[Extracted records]
# # # # #

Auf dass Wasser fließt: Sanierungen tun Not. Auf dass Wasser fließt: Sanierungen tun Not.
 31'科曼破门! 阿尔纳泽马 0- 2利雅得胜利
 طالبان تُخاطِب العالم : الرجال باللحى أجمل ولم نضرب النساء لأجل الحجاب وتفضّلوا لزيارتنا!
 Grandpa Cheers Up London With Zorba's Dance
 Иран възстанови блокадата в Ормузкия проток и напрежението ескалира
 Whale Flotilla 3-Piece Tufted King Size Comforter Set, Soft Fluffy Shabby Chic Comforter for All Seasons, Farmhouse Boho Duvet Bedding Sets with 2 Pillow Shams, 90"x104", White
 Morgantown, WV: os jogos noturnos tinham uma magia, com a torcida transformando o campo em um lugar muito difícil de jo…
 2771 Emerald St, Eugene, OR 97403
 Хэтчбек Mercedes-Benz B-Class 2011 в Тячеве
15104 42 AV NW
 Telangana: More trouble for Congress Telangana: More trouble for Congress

# # # # #

** Assignment **
Your answer should consist only of the lines above between the line holding "Morgantown, WV: os" and the line holding "15104 42 AV NW", inclusive, each transcribed exactly.

** Response to this task **
 Morgantown, WV: os jogos noturnos tinham uma magia, com a torcida transformando o campo em um lugar muito difícil de jo…
 2771 Emerald St, Eugene, OR 97403
 Хэтчбек Mercedes-Benz B-Class 2011 в Тячеве
15104 42 AV NW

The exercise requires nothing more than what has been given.